Küçük olan içeri girdiğinde Sonnie'yi ve yanında yatan üç minik yavrusunu gördü , o kadar miniklerdi ki dokunmaya korkmuştu . Yavaşça anne kedinin yanına yaklaştı ve kulaklarının arkasını severek gülümsedi , Soonie bundan hep çok hoşlanırdı sessiz sessiz duran minik kedilere baktığında ise sevip sevmemek arasında kalmıştı , fakat daha yeni doğdukları için rahatsız etmek istemedi

-" merhaba küçük yavrular , ben amcanız Lucas umarım anneniz gibi beni seversiniz lütfen bir an önce büyüyün de sizi rahatça sevebileyim ." Dedi ve parmağını öperek kedilerin kafalarına dokundu ,bu sayede onlara sevgisini hissettirebilmeyi ummuştu .

-" Tanrım Soonie daha bebekti , şimdi anne oldu ." Dedi Hannah ağlayarak

-"Ah hadi ama güzelim , ben bu kadar ağlamadım bu duruma ." Dedi Minho küçüğün saçlarını severken , Hannah hep sert görünmeye çalışır ama görüntüsünün aksine oldukça duygusaldır Minho ya göre

-" Kediler çok çabuk büyüyor öyle değil mi Minho Ağabey , bir an önce sevebilmek istiyorum hepsini." Dedi Lucas gülümseyerek , abisin de ki gamzeler den onda da vardı bu konuda üçü de Bayan Bang'e çekmişti orası kesin

-" Elbette Lucas , kediler bize göre daha çabuk büyürler birkaç hafta içinde belli bir boyuta gelirler sende korkmadan seversin ." Dedi ve ekledi -" O zamana kadar da burada görmeye gelebilirsin ." Dedi gülümseyerek

-" Teşekkürler sen en iyisisin ." Dedi ve Büyük olanın ince beline sarıldı , Minho ise iki kardeşin arasında kalmış ve kahkaha atmıştı

-" Anlaşılan ailecek Minhoya abonesiniz." Dedi Chaeyoung gülümseyerek , Minho kafasını duyduğu tanıdık sesle kaldırdığında gördüğü güzel yüzle gülümsemesini büyütmüştü

-" Kendisi benim eşim olduğu için size ağlayarak günlüğünüze yazmak kalıyor ." Dedi Chris yanlarına gelerek , iki küçük gerçek ağabeylerini görünce gülümsemiş ve kıskanç büyüğün gazabına uğramamak için eşinden yavaşça uzaklaşmışlardı .

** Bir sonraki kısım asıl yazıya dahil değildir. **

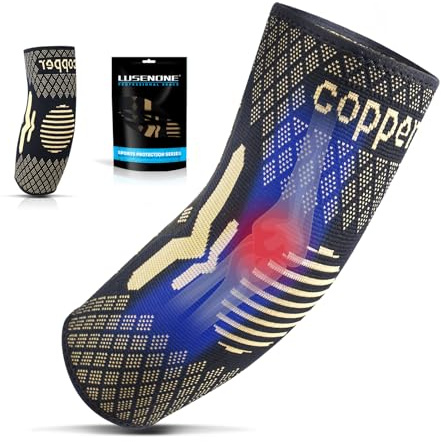 Lusenone Copper Elbow Support for Men/Women-Best Tennis elbow Brace Compression Sleeves Support for Tennis Elbow,Golfers Elbow,Tendonitis,Weightlifting,Gym,Arthritis,Pain Relief,L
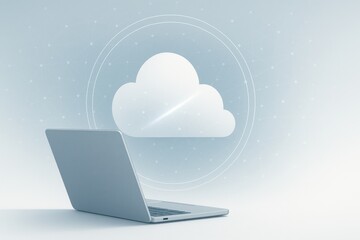 Open laptop with glowing cloud network icon for digital data storage and synchronization
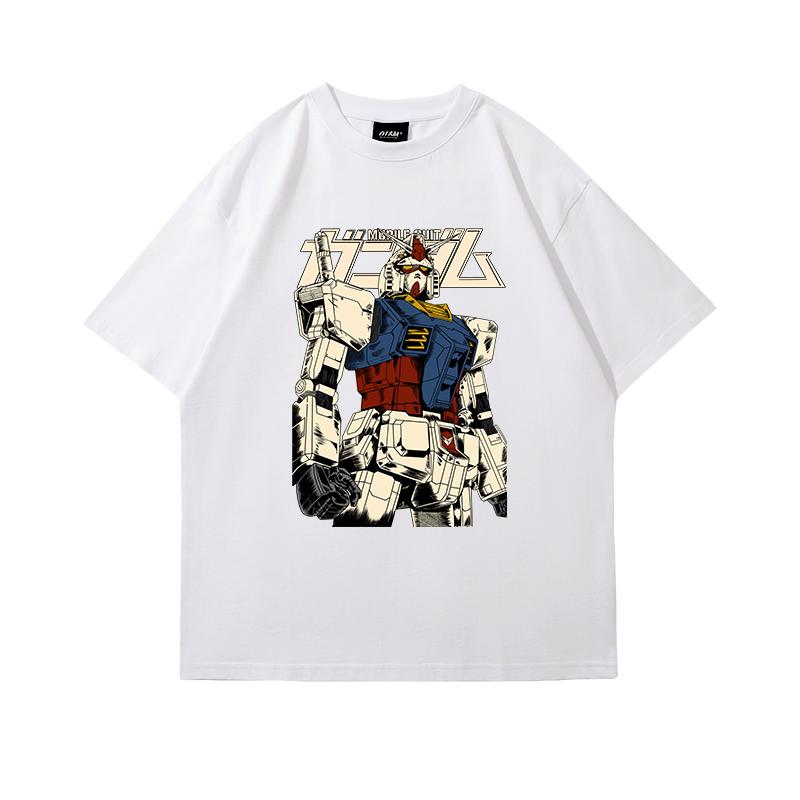 Gundam Shortsleeved Printed Tshirt 2025 Summer Male Tide Brand Cartoon Printing Pure Cotton Loose Youth Round Neck Tshirt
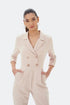 V NECK DOUBLE BREASTED JUMPSUIT POWDER - Barrus London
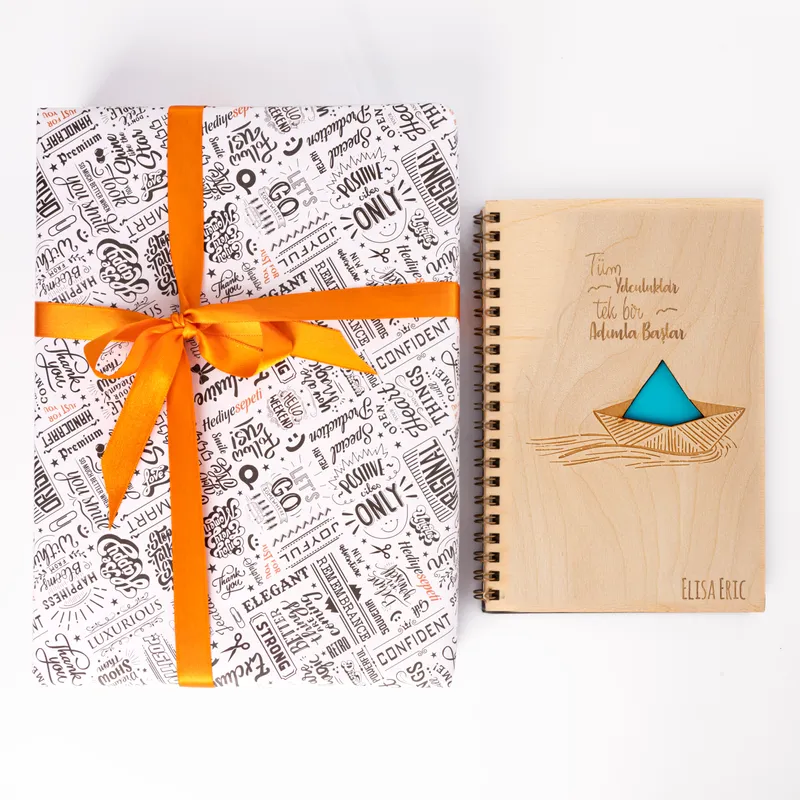 Personalized Journey to Your Dreams Designed Wooden Covered Notebook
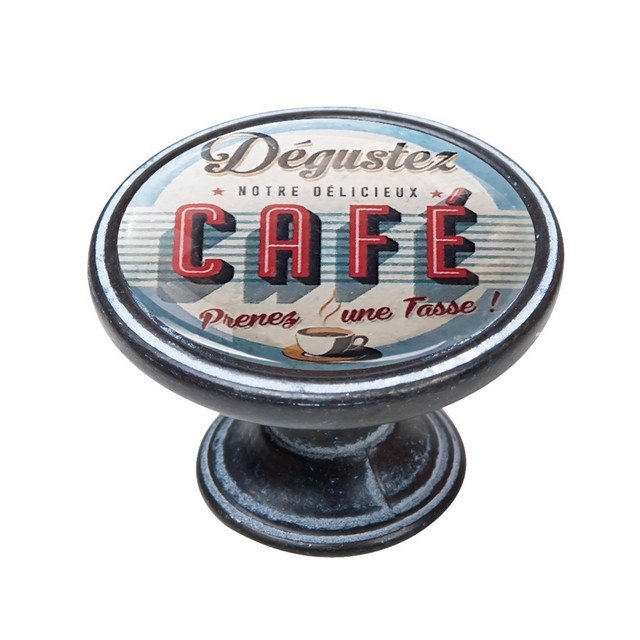 550NF85 Πομολάκι Vintage Πατίνα Μαύρο Vintage Café Sign Φ37mm - Image 1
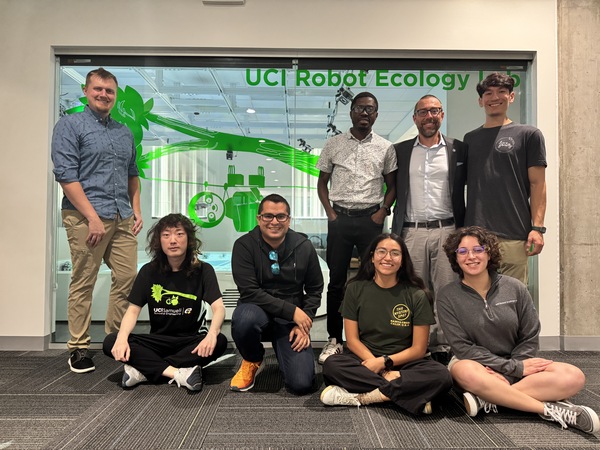 UCI engineering Dean Magnus Egerstedt (second from right) with his research team at the UCI Robot Ecology Lab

-"Sen böyle değildin Christopher , Minhoyu kaybetme korkusu seni ele geçirmiş ." Dedi Chae gülerek

-"Hepiniz çocuk gibisiniz ." Dedi Minho koca bebek olan kocasına sarılırken -" En büyüğü de sensin Christopher bang ." Dedi gülerek , Chris Minho'nun beline sarılmış ve kafasını kendinden kısa bedenin göğsüne yaslamıştı

-" Sadece sana bebeğim Minho Bang  !" Dedi Gülerek

-" Evlenirken soy adını değiştirmeyi kabul etme dedim sana Min ." Dedi Chae gülerek , Chris'in bakışlarını görünce korkmuş ve ellerini kaldırarak teslim olmuştu

-" Pekala millet , eve gidiyoruz ." Dedi Minho , ardından elindeki eldivenleri kenardaki çöpe attı ve üstündeki önlüğü de çıkardı .

Chaeyoung ve çocuklar arkaya Minho ve Chris ise öne oturmuş sohbet ederek ve atışarak yola koyulmuşlardı . Chris çocukları ve Chae'yi evlerine bırakmış ardından Minho ile beraber her zaman geldikleri büyük markete gelmişlerdi , çünkü ev alış verişi yapmaları gerekiyordu .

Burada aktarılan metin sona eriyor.